Monday, September 03, 2012

Robber Fly: Stenopogon Species

Robber Fly, Stenopogon species, Imperial Beach. I had a tough time figuring out which genus this little robber fly is in. I started off with the genus Omnatius which came up in my online searches for Robber flies but are largely limited to the East Coast. However, Jim Berrian at the San Diego Natural History Museum kindly suggested the genus Machimus and Stenopogon, both of which have been found in Southern California. After some comparing of antennae, carapace shape and foot structure I'm convinced it's a Stenopogon (not that our Gentle readers really care but it gives me a feeling on completeness, go figure).

They are apparently called Robber flies because these capable little carnivorous flies catch other bugs on the wing. Think of it like robbers catching a coach on the trail. They bear some superficial resemblance to dragonflies which also snag food on the fly, no pun intended (Ar, Ar...). How they eat that food is, however, quite different. Robber flies inject saliva and disolve their food (think of it as liquid food on the go). Dragonflies use large mandibles to chew and ingest their food. In fact, Dragonflies are in the order Odonata, meaning "toothed jaws."

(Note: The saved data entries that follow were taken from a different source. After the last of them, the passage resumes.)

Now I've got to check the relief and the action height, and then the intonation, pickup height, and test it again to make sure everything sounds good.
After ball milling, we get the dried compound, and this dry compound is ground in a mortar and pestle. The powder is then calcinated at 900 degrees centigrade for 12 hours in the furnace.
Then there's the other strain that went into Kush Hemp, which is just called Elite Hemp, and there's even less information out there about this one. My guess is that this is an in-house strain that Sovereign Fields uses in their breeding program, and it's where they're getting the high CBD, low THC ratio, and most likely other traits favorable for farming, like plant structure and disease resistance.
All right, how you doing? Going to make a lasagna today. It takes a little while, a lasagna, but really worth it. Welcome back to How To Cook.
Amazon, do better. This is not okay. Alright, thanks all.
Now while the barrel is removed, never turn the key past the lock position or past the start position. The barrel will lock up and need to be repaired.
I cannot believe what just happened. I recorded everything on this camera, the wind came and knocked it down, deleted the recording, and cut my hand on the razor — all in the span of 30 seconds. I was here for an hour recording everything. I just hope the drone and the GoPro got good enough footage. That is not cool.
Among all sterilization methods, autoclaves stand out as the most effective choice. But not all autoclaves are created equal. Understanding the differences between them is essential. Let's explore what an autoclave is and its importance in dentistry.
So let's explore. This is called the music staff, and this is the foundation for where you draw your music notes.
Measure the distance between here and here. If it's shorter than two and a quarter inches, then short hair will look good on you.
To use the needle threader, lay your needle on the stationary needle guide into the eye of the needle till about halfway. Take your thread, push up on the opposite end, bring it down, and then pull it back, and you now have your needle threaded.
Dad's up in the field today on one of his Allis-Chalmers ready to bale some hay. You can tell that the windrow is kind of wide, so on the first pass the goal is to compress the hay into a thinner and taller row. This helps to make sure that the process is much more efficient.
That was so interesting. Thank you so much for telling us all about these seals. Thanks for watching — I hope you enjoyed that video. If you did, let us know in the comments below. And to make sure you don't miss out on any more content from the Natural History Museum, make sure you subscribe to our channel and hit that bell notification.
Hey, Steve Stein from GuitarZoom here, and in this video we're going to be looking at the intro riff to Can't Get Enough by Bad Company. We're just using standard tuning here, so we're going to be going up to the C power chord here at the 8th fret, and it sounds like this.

Side note: apparently, there was a large sewage spill off of Tijuana Beach (Playa de Tijuana) last week, leaving the Tijuana Estuary Beach largely deserted and peaceful. There were a few people strolling down the long strand of white sand. Otherwise, there were just the passing flocks of pelicans and the occasional shore bird. Overall, it was nice and quiet, with a gentle (and smell-free), cooling ocean breeze, which is a real find on a hot, Summer day during the Labor Day Weekend. While we stayed out of the water, there was no obvious evidence that a spill had happened just a week prior. There was just empty beach out to the horizon.